Where I find support for my belief that happiness is not linked to money or anything material is in experiences like Joseph Campbell’s; who says his happiest time was during the Depression when he had no money, lived in a rooming house where the rent was forgiven and read borrowed books; and Eric Weiner’s experiences in The Geography of Bliss where he found his own happiness affected positively in Bhutan and Iceland and negatively in Moldova. It is time for another caveat. I don’t know what works for anyone else, what it is like inside anyone else. I write about what works for me, what I have learned about myself within this thing called life, because reading about and observing other people has proved helpful to me and I hope my thoughts might prove helpful to another.

I am convinced that what we need is air, water, food and shelter, not money. Those are indisputable for keeping our bodies alive. It can be debated whether or not our soul has needs. The existence of a soul is debatable but I’m going with duality here—body and soul. My soul needs companionship and something else. I’m not sure what—to be needed, work, a goal, a project, something meaningful to do? I am reminded of retired people who volunteered for me on a project and how grateful they were for the opportunity I gave them to volunteer. When I would thank them they would invariably say, “No, Thank YOU.” However I also know some retired people who do little more than read the paper every day. We are all different.

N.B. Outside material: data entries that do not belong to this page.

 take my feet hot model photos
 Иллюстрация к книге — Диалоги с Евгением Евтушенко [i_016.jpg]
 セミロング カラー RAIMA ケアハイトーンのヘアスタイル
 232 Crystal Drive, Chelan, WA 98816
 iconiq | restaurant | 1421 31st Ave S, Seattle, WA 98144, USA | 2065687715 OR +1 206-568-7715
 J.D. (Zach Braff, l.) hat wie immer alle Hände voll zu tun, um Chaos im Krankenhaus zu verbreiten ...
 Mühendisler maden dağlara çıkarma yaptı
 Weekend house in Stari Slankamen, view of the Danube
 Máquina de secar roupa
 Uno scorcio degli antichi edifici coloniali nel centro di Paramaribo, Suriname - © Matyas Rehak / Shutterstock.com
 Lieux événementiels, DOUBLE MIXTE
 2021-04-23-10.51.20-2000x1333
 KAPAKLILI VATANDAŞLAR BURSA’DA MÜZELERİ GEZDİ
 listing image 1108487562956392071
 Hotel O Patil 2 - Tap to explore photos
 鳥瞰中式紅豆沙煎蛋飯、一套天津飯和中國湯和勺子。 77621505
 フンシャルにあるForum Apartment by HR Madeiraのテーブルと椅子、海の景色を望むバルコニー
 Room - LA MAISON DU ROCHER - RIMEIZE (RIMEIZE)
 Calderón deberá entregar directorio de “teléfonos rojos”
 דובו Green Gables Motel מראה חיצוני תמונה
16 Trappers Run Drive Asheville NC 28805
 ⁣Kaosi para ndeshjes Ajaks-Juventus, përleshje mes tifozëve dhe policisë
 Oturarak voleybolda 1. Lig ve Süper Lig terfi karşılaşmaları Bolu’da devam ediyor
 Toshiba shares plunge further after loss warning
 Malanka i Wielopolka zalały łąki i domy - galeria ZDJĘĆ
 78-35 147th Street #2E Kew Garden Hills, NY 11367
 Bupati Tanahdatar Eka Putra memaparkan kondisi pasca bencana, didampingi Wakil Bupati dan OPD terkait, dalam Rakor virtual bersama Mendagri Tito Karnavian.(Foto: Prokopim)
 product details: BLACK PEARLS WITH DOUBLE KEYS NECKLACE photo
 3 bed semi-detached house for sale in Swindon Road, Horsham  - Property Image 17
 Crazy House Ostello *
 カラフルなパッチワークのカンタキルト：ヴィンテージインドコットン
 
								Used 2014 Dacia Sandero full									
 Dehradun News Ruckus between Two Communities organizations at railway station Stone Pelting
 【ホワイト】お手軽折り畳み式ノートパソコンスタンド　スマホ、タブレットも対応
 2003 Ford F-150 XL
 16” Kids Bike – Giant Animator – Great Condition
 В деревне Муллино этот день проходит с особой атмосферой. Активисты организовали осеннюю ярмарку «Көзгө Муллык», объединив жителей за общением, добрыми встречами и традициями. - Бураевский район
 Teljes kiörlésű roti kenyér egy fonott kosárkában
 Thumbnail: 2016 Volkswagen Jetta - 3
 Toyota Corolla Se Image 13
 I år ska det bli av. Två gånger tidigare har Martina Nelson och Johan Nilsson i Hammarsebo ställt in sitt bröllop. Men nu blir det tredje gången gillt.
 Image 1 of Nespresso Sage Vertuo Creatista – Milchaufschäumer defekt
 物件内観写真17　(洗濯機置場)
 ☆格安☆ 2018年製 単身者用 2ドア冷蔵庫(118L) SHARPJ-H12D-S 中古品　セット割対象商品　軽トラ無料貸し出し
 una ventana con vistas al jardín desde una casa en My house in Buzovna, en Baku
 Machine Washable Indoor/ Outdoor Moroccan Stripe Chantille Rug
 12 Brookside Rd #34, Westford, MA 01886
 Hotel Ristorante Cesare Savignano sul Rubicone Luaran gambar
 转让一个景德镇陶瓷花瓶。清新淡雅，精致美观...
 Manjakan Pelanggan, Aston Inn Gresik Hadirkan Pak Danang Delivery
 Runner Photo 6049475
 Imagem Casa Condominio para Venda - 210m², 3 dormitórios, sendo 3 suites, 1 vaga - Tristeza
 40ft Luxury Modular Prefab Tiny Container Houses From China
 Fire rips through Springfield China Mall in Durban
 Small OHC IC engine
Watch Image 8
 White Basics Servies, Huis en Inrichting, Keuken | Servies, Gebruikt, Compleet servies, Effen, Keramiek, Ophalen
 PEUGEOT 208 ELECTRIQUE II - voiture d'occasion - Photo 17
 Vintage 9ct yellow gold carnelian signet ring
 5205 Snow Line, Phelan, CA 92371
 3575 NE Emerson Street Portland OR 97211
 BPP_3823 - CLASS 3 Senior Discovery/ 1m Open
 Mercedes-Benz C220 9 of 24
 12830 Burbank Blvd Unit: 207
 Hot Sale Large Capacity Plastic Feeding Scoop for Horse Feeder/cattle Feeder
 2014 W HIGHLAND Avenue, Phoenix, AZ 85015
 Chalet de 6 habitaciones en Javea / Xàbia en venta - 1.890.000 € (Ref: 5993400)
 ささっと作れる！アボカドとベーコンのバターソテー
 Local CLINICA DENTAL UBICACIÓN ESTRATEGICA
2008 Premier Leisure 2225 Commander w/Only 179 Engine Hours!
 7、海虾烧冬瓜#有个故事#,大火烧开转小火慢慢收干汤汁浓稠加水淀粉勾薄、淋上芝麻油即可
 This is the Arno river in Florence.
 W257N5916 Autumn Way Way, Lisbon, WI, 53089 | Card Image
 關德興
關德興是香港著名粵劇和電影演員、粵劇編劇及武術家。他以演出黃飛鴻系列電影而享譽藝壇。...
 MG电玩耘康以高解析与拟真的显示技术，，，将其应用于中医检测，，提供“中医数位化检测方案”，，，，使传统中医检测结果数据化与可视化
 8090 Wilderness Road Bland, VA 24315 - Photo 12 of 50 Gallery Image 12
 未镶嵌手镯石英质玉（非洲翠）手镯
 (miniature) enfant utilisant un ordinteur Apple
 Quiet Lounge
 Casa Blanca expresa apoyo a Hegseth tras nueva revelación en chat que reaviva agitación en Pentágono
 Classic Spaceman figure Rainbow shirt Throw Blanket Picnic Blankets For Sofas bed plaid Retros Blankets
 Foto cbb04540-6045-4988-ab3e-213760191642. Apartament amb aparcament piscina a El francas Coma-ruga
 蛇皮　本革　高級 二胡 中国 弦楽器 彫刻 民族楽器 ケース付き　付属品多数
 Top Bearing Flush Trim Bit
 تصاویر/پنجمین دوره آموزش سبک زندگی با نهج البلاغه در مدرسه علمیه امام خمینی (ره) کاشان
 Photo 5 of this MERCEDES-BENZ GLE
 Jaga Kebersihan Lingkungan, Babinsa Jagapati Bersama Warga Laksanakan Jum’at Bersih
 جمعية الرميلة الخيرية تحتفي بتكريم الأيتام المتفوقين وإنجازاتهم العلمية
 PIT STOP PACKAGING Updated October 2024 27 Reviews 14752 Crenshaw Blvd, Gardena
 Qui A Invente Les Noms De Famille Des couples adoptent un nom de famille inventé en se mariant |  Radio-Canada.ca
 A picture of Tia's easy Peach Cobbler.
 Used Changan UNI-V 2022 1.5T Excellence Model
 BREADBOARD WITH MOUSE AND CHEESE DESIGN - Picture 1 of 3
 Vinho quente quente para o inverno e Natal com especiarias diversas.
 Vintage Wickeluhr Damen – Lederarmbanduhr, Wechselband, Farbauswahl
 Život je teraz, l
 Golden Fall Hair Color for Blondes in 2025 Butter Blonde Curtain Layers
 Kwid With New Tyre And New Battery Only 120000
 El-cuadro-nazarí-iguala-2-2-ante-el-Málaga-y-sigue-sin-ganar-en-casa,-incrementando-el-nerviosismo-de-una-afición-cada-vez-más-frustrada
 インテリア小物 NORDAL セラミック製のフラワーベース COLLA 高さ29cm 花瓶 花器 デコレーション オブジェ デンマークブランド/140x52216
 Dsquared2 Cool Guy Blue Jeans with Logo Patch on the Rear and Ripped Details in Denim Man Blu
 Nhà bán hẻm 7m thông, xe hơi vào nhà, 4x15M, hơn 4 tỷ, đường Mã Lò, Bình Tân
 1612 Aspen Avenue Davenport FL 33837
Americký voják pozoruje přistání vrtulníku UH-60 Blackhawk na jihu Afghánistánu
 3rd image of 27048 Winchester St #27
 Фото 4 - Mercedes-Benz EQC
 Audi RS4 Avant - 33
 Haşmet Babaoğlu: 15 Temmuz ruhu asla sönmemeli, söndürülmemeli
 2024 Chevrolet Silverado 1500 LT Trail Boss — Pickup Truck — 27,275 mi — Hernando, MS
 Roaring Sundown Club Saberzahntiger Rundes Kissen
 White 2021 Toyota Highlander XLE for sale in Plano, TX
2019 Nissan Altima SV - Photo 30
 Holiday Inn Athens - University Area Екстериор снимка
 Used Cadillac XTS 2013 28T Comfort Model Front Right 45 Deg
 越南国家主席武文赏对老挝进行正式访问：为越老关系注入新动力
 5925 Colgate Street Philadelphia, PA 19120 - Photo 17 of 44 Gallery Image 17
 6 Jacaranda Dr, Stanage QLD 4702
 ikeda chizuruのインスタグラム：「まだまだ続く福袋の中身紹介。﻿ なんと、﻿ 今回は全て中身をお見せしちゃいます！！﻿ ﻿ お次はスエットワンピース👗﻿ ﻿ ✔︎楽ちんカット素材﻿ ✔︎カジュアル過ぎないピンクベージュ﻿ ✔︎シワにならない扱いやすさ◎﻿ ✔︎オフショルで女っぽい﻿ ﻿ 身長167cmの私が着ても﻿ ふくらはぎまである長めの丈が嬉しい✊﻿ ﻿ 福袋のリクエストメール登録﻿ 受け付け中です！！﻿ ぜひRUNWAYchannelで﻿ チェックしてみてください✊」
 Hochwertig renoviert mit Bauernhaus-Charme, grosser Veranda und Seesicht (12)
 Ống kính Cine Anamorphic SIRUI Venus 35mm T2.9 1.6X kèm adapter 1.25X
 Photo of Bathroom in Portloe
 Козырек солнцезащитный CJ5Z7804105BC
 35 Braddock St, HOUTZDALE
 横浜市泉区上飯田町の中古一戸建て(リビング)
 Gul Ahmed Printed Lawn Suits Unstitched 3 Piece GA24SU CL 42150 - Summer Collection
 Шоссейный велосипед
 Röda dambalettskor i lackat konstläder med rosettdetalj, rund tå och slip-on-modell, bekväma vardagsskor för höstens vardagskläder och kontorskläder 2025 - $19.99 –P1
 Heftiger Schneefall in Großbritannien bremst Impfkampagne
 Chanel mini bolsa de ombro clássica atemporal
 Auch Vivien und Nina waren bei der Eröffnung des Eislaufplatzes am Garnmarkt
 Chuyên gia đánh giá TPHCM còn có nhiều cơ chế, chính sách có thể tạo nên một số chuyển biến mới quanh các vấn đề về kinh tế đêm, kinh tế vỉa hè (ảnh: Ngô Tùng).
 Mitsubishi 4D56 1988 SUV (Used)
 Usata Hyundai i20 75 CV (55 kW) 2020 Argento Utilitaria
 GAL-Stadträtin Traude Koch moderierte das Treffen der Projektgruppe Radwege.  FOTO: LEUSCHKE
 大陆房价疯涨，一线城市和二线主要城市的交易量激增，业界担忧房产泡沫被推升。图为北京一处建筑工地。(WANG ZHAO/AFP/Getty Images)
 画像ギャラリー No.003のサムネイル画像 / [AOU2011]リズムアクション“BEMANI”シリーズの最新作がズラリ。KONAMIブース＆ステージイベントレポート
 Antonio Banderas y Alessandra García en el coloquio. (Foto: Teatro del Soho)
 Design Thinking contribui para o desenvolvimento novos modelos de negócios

For me, yes, I keep trying to retire and now, in the winter, when the garden is put to bed, I don’t want to work any more than I have to at the restaurant. I want to kick back and read. But there is another thing gnawing at me, some need I feel to be doing more. I think about volunteering or, perhaps running for a town or state office. I keep talking myself out of it yet I feel that it would feel good to be involved in something larger than myself. I think this comes from my belief that I can make a difference, that my approach to people could move an entity in a positive direction. There would be meetings and things to figure out, problems to solve. I think I would feel needed.

I have known retired people who took up a musical instrument, who took up a new sport or started building models. I think any of these activities might fill the same void, might feed the soul. There are those who spend hours fiddling with their investments. This could be the same kind of thing though it seems different to me.

Where do I get off talking about profound happiness as if I had reached some vaunted plateau? Good question. I’m glad I asked it first. If you understand my philosophical base, you will realize that I am running my life on the assumption that I may be the only person involved in my life, all else, everyone else is an illusion, a hologram--characters and events through and around which I weave my life (or my life is woven). You, at this moment, are an important part of my life. I know, I know first I tell you you don’t exist and then I tell you you are an important part of my life. I hate the confusion but I’m unable to be clearer at this point. Perhaps I will be more articulate at some future time.

You are important to me because I love you and I want you to be happy. Telling you that I have something that you might not have is no way to make you happy. The best I can do now is to suggest that you smile at someone. Think about some specific person or situation in which you will have an opportunity to give off a big sincere smile—a “Hi, I’m sure glad to be sharing this space and time with you. I’m glad we are both alive here together.” Think about the situation now and maybe even make a note to yourself to help you remember. It can be a store clerk, a person coming toward you on the street, a neighbor, anyone. If you experience is anything like mine, most times you will get a smile back. If that smile doesn’t make you feel better, then give up any effort to understand my philosophy.